Sandarmokh, August 2012. Photo: Dmitry Tsvibel (from currenttime.tv)
This mass murder was accompanied by calls from Soviet propaganda to expose imaginary spies, wreckers, and enemies of the state. Eighty years have passed. How does society remember this trauma? A great many prefer not to remember. And if they do remember, they accompany it with the words: “What’s past is past.” Pitying the victims, but not condemning the perpetrators. For the perpetrators were the authorities, and how can one condemn them? It might even be dangerous. There is also an impulse to justify the executioners. “There must have been a reason for it,” “most of them were criminals anyway,” “how else could they have brought order to the country?”—all these are phrases that help to separate oneself from the victims, to create the illusion that if you were in that time, the “troika” would have spared you, or you would not have been tried at all. By distancing ourselves from the victims, we not only justify their executioners but even begin to love them. We admire Stalin as a harsh and strict father who, if he beats, does so “for a reason.” Just as victims of domestic violence justify their tormentors, until they break out of the vicious circle. If they break out…
Yury Dmitriev is one of those who have spent their entire lives trying to break this vicious circle, to launch a process of genuinely working through the trauma of state violence received by the Soviet people and passed on to subsequent generations. One can live with this trauma, but for moral healing, it is necessary to tell the truth about state terror, to restore the names and fates of the repressed, to open their mass burial sites and erect monuments there, to name all the executioners. And to compel the state to strictly observe the fundamental rights and freedoms of its citizens.
In the early 1990s, local activists Ivan Chukhin and Yury Dmitriev succeeded in gaining access to study the archival-investigative case files of the repressed and the documents on executions during the Great Terror, held in the archives of the State Security Directorate of Karelia.

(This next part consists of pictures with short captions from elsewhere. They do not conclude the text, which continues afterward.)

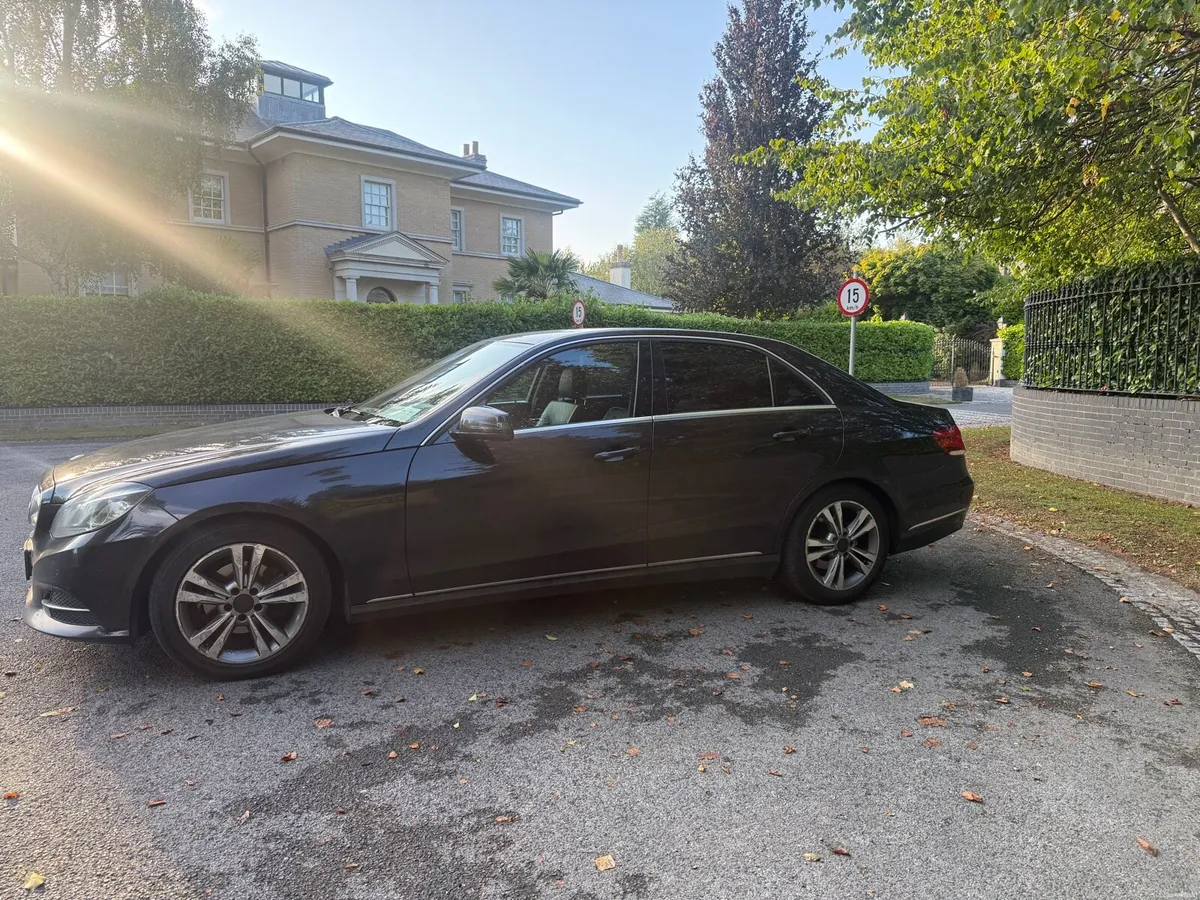 MERCEDES E220 AUTOMATIC 2014 NCT + TAX - Image 4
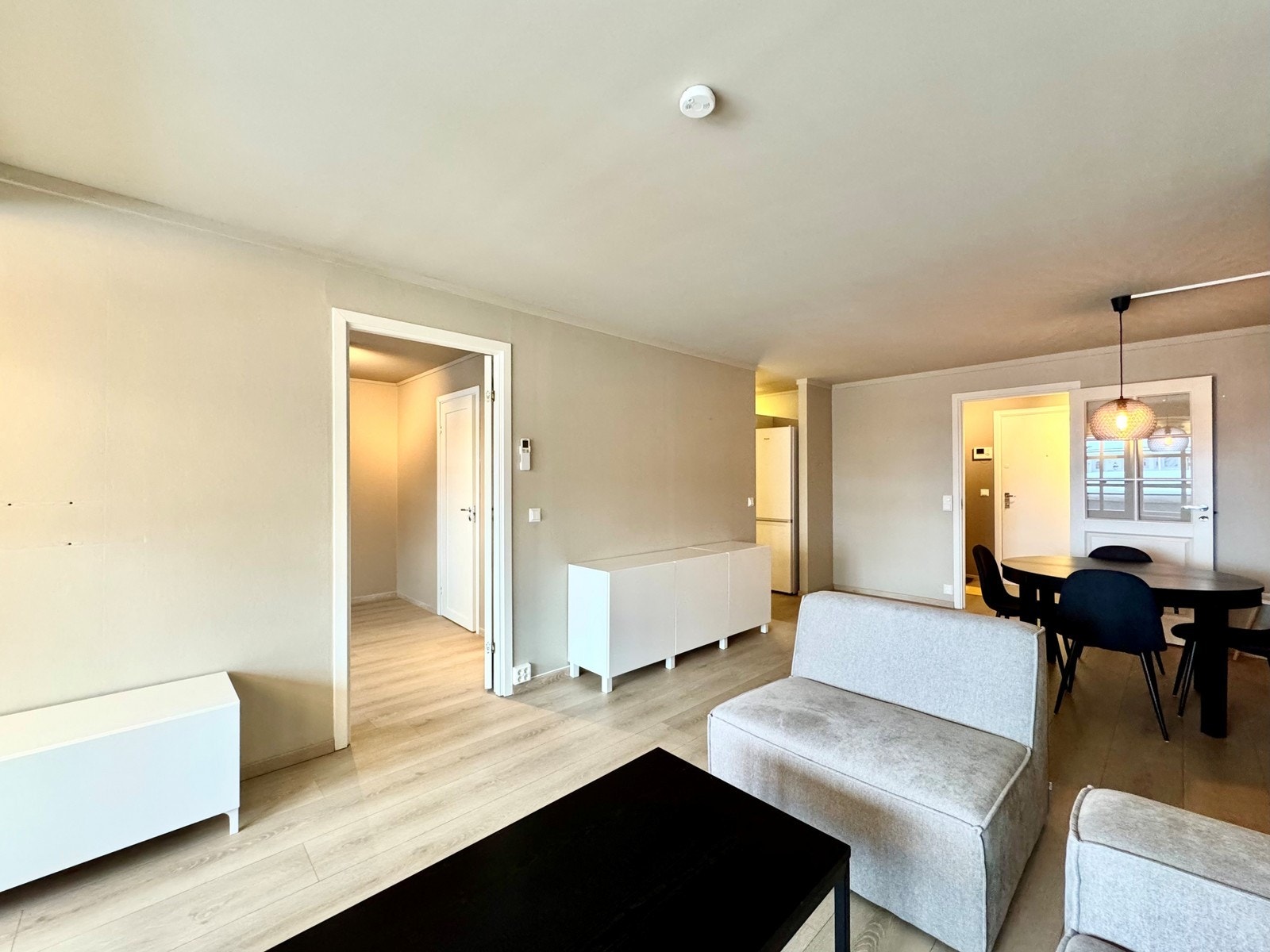 Stue/spiseplass Galleribilde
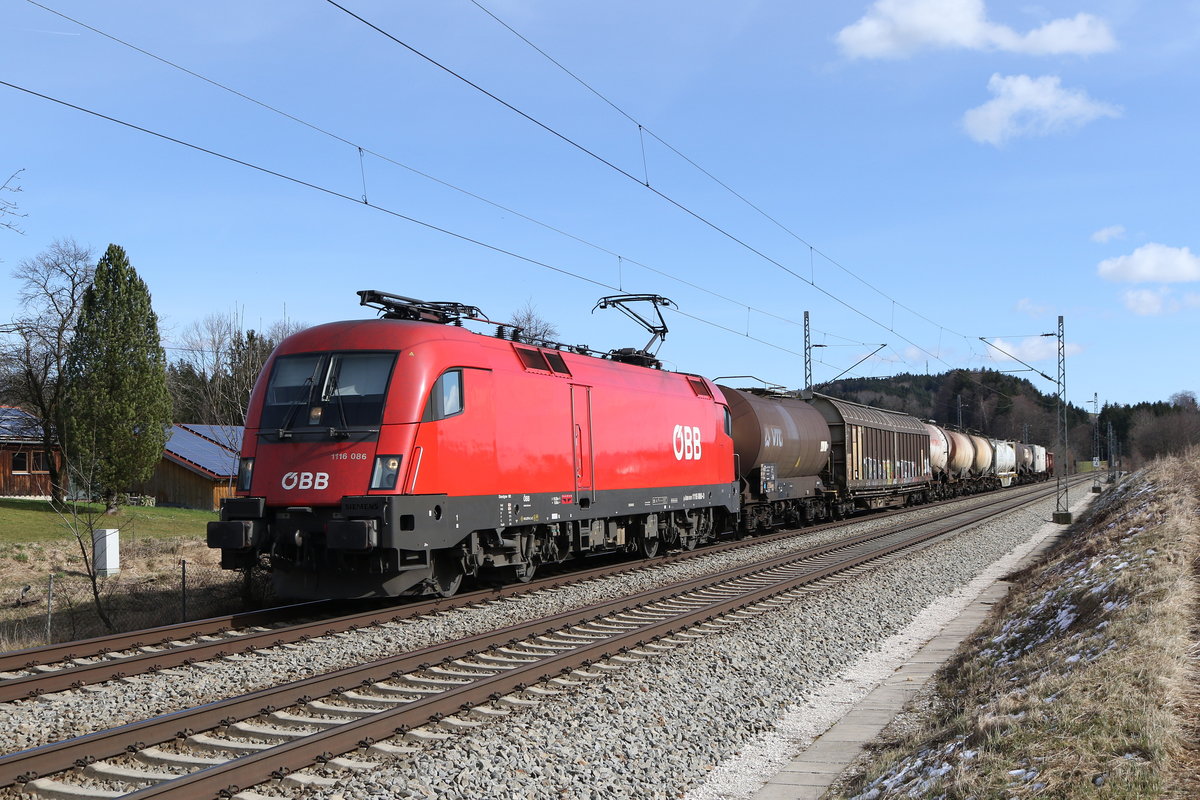 1116 086 mit einem kurzen Mischer aus Salzburg kommend am 27. Februar 2020 bei H�tt.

Based on their research, two Books of Remembrance, crucial for the new Russia, were published in Petrozavodsk in 1999:
• I. I. Chukhin [1]. “Karelia-37: The Ideology and Practice of Terror.” Petrozavodsk, 1999.
• Y. Dmitriev. “The Sandarmokh Execution Site.” Petrozavodsk, 1999.
Ivan Chukhin’s book, for the first time, named the numbers of those repressed in Karelia in 1937–38 by decision of extrajudicial bodies [2]: more than 12,000 people, of whom more than 10,500 were shot. For the first time in Russia, the local (regional) executioners were named: both the members of the extrajudicial bodies and the executors of their unjust sentences [3].
Dmitriev’s book published, for the first time, a complete list of the names of those executed at a specific NKVD special facility.
Yury Dmitriev on the Day of Remembrance in Sandarmokh, 2016.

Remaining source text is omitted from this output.